Remote Sensing of Sea Ice in the Okhotsk and Japan Seas: Multisensory Approach
Khazanova, Elena; Mitnik, Leonid
Pacific Oceanological Institute, Far Eastern Branch of the Russian Academy of Sciences (POI FEB RAS), RUSSIAN FEDERATION
Remote sensing of sea ice started in the late sixties of the last century. Later it became the main source of information about sea ice variability and concentration in the Arctic, Antarctic and in polar seas. Ait temperature and winds in the Okhotsk Sea and in the Northern Japan Sea during cold season are similar to weather conditions in the Polar Seas and the sea ice covers the significant areas. Data on the ice conditions, new ice formation areas, ice types and thickness, marginal ice zone structure, the location and size of polynyas, etc. as well as on characteristics of different ice types, their synoptic, seasonal and interannual variability manifesting itself in variability of microwave, infrared and optical characteristics have a critical importance for scientific and applied works.
The aim of this study is to estimate the capabilities of the joint analysis of active and passive microwave sensing in combination with infrared and optical images and coastal observations. Our data base consists of C-band Envisat ASAR and L-band ALOS PALSAR synthetic aperture radar (SAR) images, brightness temperatures measured by the Aqua Advanced Microwave Scanning Radiometer AMSR-E and recently launched GCOM-W1 AMSR2, visible and infrared images taken by MODIS spectroradiometer, ASCAT MetOp-A and –B derived wind fields. The Okhotsk Sea and Northern Japan Sea have practically no instrumental observations for winter periods. Thus only reports of coastal meteorological stations were collected. To estimate correlations of microwave and optical contrasts the main attention was given to consideration of ice cover during day time under almost cloudless conditions. Different physical parameters are responsible for formation of signal variations in these spectral bands. The brightness variations of SAR images are proportional to the normalized radar cross section (NRCS) defined mainly by the underlying surface roughness and depend on polarization and wavelength of sensing signals and incidence angle. The variety of ice types, conditions of ice formation and evolution, snow cover thickness and properties, surface wind speed and other factors tends to ambiguous interpretation of brightness variations of SAR images, discriminating ice types and open water within ice cover and in the marginal ice zone. Brightness variability on SAR imagery of the sea surface is described by geophysical model function (GMF) for particular frequency and polarization, incident angle, and wind speed and azimuth angle. Increase in the sea surface roughness is accompanied by the increase of the NRCS (brightness of radar image). Brighter areas indicate the strips of ridges and ridged ice.

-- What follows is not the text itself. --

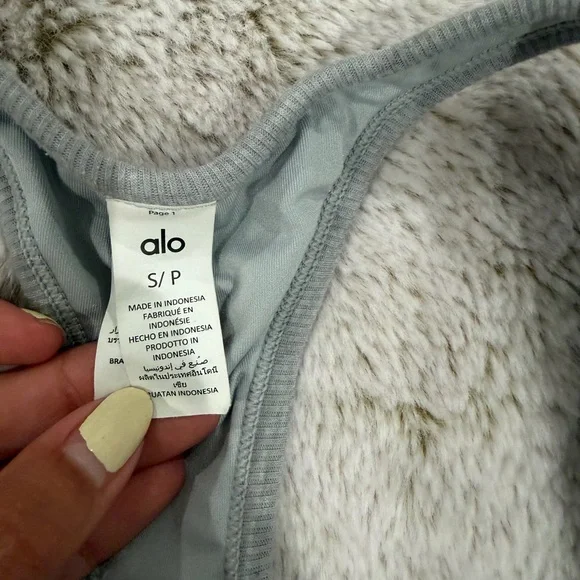 Alo women’s grey ribbed bra - Picture 2 of 3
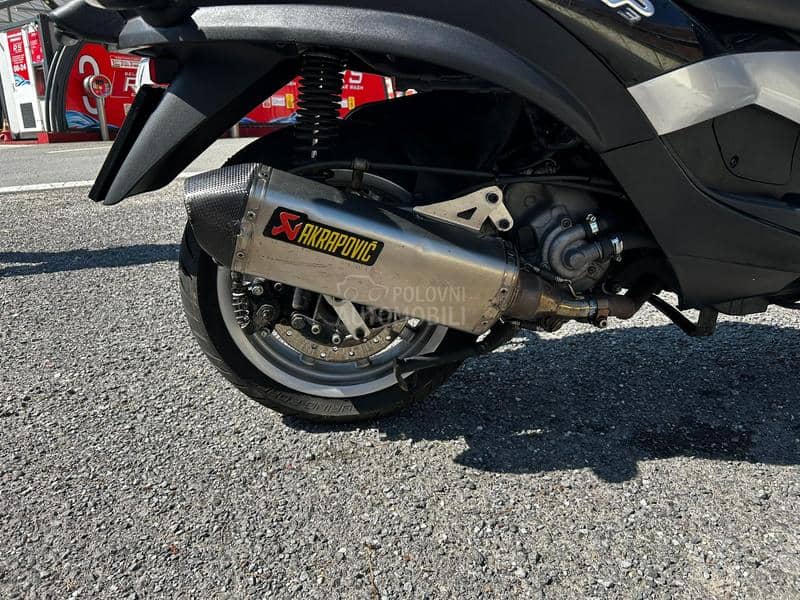Piaggio MP3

The areas of the decreased roughness appear on SAR images as dark spots, narrow and wide bands. These features can be caused by fracture zones at low wind speed and also by grease ice that damps small-scale wind waves. Grease ice is reliably distinguished near the ice edge and in the open sea against the rough water surface background where it marks the areas of new ice formation.
Three areas were selected for detailed study with Envisat ASAR and ALOS PALSAR: the Sakhalin Bay (number 1 in Fig. 1 and 2), Eastern Sakhalin shelf where several oil platforms are located (number 2) in the Okhotsk Sea and Tatar Strait in the Northern Japan Sea (number 3). The first area was studied to trace new ice formation and the decrease of ice thermal response as its thickness increases. The second one is very dynamic area where influence of tidal current and the East Sakhalin Current as well as strong winds on sea ice structure (especially on the marginal ice zone), drift, etc. are observed. The third area as opposite to the second one is more quit: surface currents are weak and the main factor (apart of air temperature) influencing on sea ice dynamics is wind. Coastal stations provided this important meteorological data. In cold season 2012-2013 sea ice in all three areas was traced using a new all-weather source of data: GCOM-W1 AMSR2. Spatial resolution of AMSR2 brightness temperatures is very high due to the largest rotating antenna in the world: 7 x 12 km at 36.5 GHz and 3 x 5 km at 89.0 GHz. The high potential of joint analysis of these data with Terra MODIS visible and infrared images shows Figure 2. These data were systematically used to reveal additional characteristics of the selected sea ice areas. Analysis of SAR images which will be obtained from Sentinal-1 and ALOS-2 SARs planned to launch in 2013 will be based on experience of this study.
Figure 1. Envisat ASAR image acquired on January 26, 2009 at 12:09 UTC over the Japan and Okhotsk Seas. The dashed rectangles mark the boundaries of studied areas: 1 - Sakhalin Bay, 2 - Tatar Strait, 3 - Eastern Sakhalin shelf.
Figure 2. Sea ice in the Okhotsk and Japan Seas on January 23, 2013: Terra MODIS infrared (a) and visible (b) images at 01:07 UTC and GCOM-W1 AMSR2 brightness temperature at 36.5 GHz with horizontal polarization at 16:15 UTC. The dashed rectangles mark the boundaries of studied areas.